How To Expand a Tech Firm’s Customer Reach
Once technology firms have reached a level of maturity where revenue is consistent and practice (and delivery) is dialed-in, talks of expansion are almost inevitable. Expansion of tech firms comes in a few different flavors of conquest: geography expansion (into new country segments), moving up-market into complex deals/bids and expanding various practice areas.
We’ll cover expanding practice areas in another post, but expanding market and customer reach is often seen as the logical next step of a successful firm compared to moving up the market.
Whether that’s expanding revenue growth across market segments in the same country or outside, it is a trying hurdle for operations, marketing, and the entrepreneur’s sanity.

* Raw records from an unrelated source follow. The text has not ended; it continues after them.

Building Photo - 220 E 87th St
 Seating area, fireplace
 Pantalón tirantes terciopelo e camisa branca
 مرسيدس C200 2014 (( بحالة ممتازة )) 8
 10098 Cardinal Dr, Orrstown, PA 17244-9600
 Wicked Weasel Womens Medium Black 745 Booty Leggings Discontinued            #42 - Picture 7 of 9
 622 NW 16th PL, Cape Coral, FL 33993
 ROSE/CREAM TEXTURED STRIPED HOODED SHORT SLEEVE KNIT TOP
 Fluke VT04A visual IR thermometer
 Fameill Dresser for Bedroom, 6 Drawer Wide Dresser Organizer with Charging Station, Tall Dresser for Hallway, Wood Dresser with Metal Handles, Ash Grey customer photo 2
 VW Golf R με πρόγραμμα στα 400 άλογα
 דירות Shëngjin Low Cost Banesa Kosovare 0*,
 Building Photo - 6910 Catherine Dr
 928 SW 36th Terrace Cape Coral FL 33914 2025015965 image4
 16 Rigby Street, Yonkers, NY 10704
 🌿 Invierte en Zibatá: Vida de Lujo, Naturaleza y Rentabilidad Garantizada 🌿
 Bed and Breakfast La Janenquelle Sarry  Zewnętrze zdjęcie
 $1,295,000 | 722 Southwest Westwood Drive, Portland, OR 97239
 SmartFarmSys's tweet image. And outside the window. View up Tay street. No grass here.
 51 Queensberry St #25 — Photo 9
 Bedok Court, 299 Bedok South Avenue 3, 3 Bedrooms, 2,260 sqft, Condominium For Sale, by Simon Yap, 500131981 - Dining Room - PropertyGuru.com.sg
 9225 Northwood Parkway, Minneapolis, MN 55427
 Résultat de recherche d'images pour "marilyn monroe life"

Here’s how to handle all three.
Keeping Your Sanity
Change in a firm is difficult, but when all of the partners are aligned on a firm-wide move, that resistance to change can swing the other direction into unbridled momentum. While deciding to grow a firm’s new revenue streams can feel incredible, eventually the honeymoon phase of decision making is over, and the reality of execution begins. To ensure partners can focus on their work and not lose sleep over the expansion, it’s critical to have realistic and achievable goals in mind.
When a lofty plan hits operations, the holes in your goals become painfully evident. When a “perfect” yet incomplete plan reaches execution, deadlines are missed, goals are overlooked, and the momentum of a pivotal firm move dies.
This is when the entrepreneur (and founders), understandably, lose their minds. With some preparation and a clear understanding of start-to-finish implementation of your expansion, the whole firm can be focused, ready, and sane when the expansion begins.
Having realistic goals and achievable execution dates for a market expansion or launch are the two most important goals for a comfortable execution. If the entrepreneur set too lofty of goals, or if people executing on the expansion deliver subpar results, expectations are not met and the expansion causes more pain than profit. Setting realistic goals for growth starts with understanding what is achievable and what growth really looks like.
Calming the storm of Operations
High growth tech firms aren’t known for their pristine operations. If they were, flat rates would be significantly more popular than billable hours. That being said, a firm that is looking to expanding markets should have its operational teams built out and a good grasp of the firm’s economics. After all, tech firms that are looking to expand have likely looked at the opportunity costs of expansion, and have decided that the numbers make sense.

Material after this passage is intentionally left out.